*What is needed:* Write out every entry in full. Leave nothing out.

### Extracted material

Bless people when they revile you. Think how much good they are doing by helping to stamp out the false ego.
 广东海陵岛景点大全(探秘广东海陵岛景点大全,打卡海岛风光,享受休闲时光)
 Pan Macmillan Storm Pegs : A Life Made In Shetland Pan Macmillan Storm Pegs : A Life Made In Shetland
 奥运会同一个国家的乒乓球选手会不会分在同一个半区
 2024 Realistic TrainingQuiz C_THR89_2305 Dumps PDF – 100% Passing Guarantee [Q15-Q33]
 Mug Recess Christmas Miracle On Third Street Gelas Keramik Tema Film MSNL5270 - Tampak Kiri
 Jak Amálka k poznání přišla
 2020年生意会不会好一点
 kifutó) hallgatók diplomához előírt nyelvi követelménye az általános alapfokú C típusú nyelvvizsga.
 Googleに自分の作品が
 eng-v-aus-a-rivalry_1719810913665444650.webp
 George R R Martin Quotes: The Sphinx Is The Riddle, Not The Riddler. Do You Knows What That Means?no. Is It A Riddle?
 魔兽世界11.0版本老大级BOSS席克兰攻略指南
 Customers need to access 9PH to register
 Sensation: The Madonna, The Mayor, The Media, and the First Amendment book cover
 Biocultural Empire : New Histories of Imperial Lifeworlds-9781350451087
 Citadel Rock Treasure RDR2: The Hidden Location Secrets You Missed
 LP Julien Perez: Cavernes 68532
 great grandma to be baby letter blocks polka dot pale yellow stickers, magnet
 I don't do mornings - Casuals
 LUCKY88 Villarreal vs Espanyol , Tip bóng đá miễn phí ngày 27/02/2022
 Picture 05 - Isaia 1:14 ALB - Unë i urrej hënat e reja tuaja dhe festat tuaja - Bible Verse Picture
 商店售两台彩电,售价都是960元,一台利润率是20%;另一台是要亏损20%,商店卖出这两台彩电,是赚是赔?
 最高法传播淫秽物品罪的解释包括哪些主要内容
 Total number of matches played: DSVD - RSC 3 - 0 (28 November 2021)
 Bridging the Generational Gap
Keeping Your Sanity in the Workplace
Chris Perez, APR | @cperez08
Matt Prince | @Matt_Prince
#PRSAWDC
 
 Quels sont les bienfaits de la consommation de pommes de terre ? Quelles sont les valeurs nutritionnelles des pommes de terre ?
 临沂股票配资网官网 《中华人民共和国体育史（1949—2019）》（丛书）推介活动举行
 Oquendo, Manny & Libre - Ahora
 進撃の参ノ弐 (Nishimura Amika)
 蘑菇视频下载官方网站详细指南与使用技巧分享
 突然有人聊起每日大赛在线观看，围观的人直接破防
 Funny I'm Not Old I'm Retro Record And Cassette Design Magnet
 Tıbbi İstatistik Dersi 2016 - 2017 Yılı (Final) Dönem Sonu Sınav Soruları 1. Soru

######

*Expected answer:*
Bless people when they revile you. Think how much good they are doing by helping to stamp out the false ego.
 广东海陵岛景点大全(探秘广东海陵岛景点大全,打卡海岛风光,享受休闲时光)
 Pan Macmillan Storm Pegs : A Life Made In Shetland Pan Macmillan Storm Pegs : A Life Made In Shetland
 奥运会同一个国家的乒乓球选手会不会分在同一个半区
 2024 Realistic TrainingQuiz C_THR89_2305 Dumps PDF – 100% Passing Guarantee [Q15-Q33]
 Mug Recess Christmas Miracle On Third Street Gelas Keramik Tema Film MSNL5270 - Tampak Kiri
 Jak Amálka k poznání přišla
 2020年生意会不会好一点
 kifutó) hallgatók diplomához előírt nyelvi követelménye az általános alapfokú C típusú nyelvvizsga.
 Googleに自分の作品が
 eng-v-aus-a-rivalry_1719810913665444650.webp
 George R R Martin Quotes: The Sphinx Is The Riddle, Not The Riddler. Do You Knows What That Means?no. Is It A Riddle?
 魔兽世界11.0版本老大级BOSS席克兰攻略指南
 Customers need to access 9PH to register
 Sensation: The Madonna, The Mayor, The Media, and the First Amendment book cover
 Biocultural Empire : New Histories of Imperial Lifeworlds-9781350451087
 Citadel Rock Treasure RDR2: The Hidden Location Secrets You Missed
 LP Julien Perez: Cavernes 68532
 great grandma to be baby letter blocks polka dot pale yellow stickers, magnet
 I don't do mornings - Casuals
 LUCKY88 Villarreal vs Espanyol , Tip bóng đá miễn phí ngày 27/02/2022
 Picture 05 - Isaia 1:14 ALB - Unë i urrej hënat e reja tuaja dhe festat tuaja - Bible Verse Picture
 商店售两台彩电,售价都是960元,一台利润率是20%;另一台是要亏损20%,商店卖出这两台彩电,是赚是赔?
 最高法传播淫秽物品罪的解释包括哪些主要内容
 Total number of matches played: DSVD - RSC 3 - 0 (28 November 2021)
 Bridging the Generational Gap
Keeping Your Sanity in the Workplace
Chris Perez, APR | @cperez08
Matt Prince | @Matt_Prince
#PRSAWDC
 
 Quels sont les bienfaits de la consommation de pommes de terre ? Quelles sont les valeurs nutritionnelles des pommes de terre ?
 临沂股票配资网官网 《中华人民共和国体育史（1949—2019）》（丛书）推介活动举行
 Oquendo, Manny & Libre - Ahora
 進撃の参ノ弐 (Nishimura Amika)
 蘑菇视频下载官方网站详细指南与使用技巧分享
 突然有人聊起每日大赛在线观看，围观的人直接破防
 Funny I'm Not Old I'm Retro Record And Cassette Design Magnet
 Tıbbi İstatistik Dersi 2016 - 2017 Yılı (Final) Dönem Sonu Sınav Soruları 1. Soru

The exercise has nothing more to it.